Il y avait trois forges juste un peu plus haut et de l’autre côté du chenal, l’usine sidérurgique où ils laminaient des feuilles de tôle et découpaient des plaques carrées sans interruption avec des marteaux-pilons à vapeur. Le fourneau qu’il y avait là-bas rendait le ciel orange toute la nuit et des grosses étincelles dansaient dans la vapeur avant de se recroqueviller et de retomber comme les feuilles perdues par un arbre en fer chauffé à blanc. Y avait jamais de paix ni d’air pur ; celui-ci était toujours noir de suie, de saletés et de volutes de vapeur de fer. Dans les fonderies on versait des creusets de fer fondu nuit et jour, et des lignes blanches brillaient sur les moules au milieu des hommes qui criaient et s’interpellaient. Là-bas, y avait pas d’aube ni de nuit, et y avait pas d’oiseaux qui chantaient quand le soleil rouge se levait le matin, aussi flou et brumeux qu’une flamme à travers de la mousseline.
 

Il m’avait rapporté un globe terrestre de Liverpool, la plus belle chose que j’avais jamais vue, et il a dit qu’il l’avait acheté à un Irlandais qui descendait d’un bateau à vapeur.
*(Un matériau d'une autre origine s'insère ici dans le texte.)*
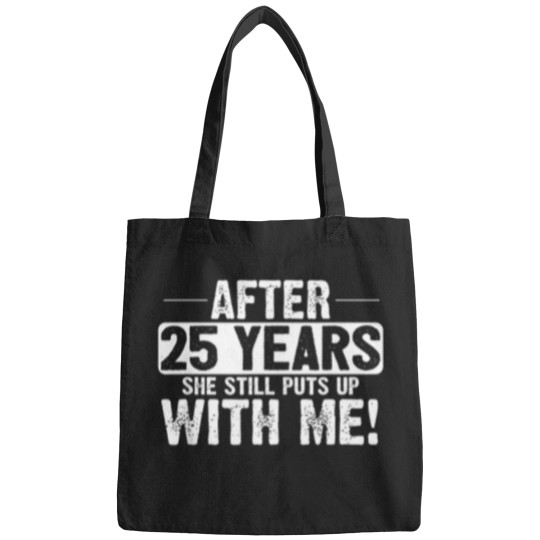 Discover 25Th-Anniversary-T-Shirt-25-Years-Marriage-Husband-Gift Bags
Il était plus gros que ma tête et tournait lentement, et tous les pays étaient d’une couleur différente, les mers bleu pâle et les montagnes marron. Le Marinier avait dit qu’il venait d’Autriche et il savait lire un peu alors il a trouvé le mot Autriche et on a vu que c’était une grande île de couleur rose en bas du globe.
 

(…) si t’es pas capable d’apprendre à te battre, tu peux pas apprendre à vivre.
 

La boxe, c’est toujours de côté, elle a dit en bondissant devant moi, ses cheveux dorés s’envolant de son joli visage comme les feuilles d’un saule avant un orage. Demande à Bill et il te dira qu’la seule façon d’gagner, c’est d’pas s’prendre de coups et d’feinter l’autre quand tu lui en donnes…
 

Des fois, deux joies peuvent chasser un chagrin de votre cœur comme un vieux clou se fait déloger par un nouveau.
 

M. Burns avait eu le cœur brisé par une jeune fenotte écossaise et il avait souffert pendant tout ce temps et j’adorais les mots : “Tu me briseras le cœur, toi l’oiseau qui gazouille, qui erre joyeusement dans les épines en fleurs.” Et je me suis dit que c’était la chose la plus triste et la plus belle, qu’il y avait des épines en fleurs dans nos vies et des épines en fleurs dans la lande. Une fleur et une épine ensemble c’est ce qu’on connaît dans la vie et en amour aussi.
 

Et j’ai appris quelle merveille il y avait dans les mots. Que ces petits traits et ces petites marques sur une page pouvaient me faire pleurer, me mettre en colère ou me donner envie d’attraper Jem Mason pour l’embrasser et faire courir mes mains sur ses muscles durs. De simples marques sur une page sont capables de faire ça et des marques sur une page peuvent aussi vous faire sentir que votre esprit tout entier s’ouvre et explose en lumières célestes. M. Wordsworth disait qu’on naissait et qu’on était faits par Dieu, traînant des nuages de gloire, qu’on était au paradis à notre naissance mais qu’ensuite tout disparaissait. Dans ce poème, c’était un jeune homme plein de regrets et de tristesse. Comme tous les poètes dont j’ai lu les œuvres, alors je me demandais si on pouvait écrire un poème sans le rendre triste et beau comme eux le faisaient. Les poèmes, c’est de la tristesse et de la douceur dans les mêmes mots : c’est deux choses en une seule comme les fleurs et les épines.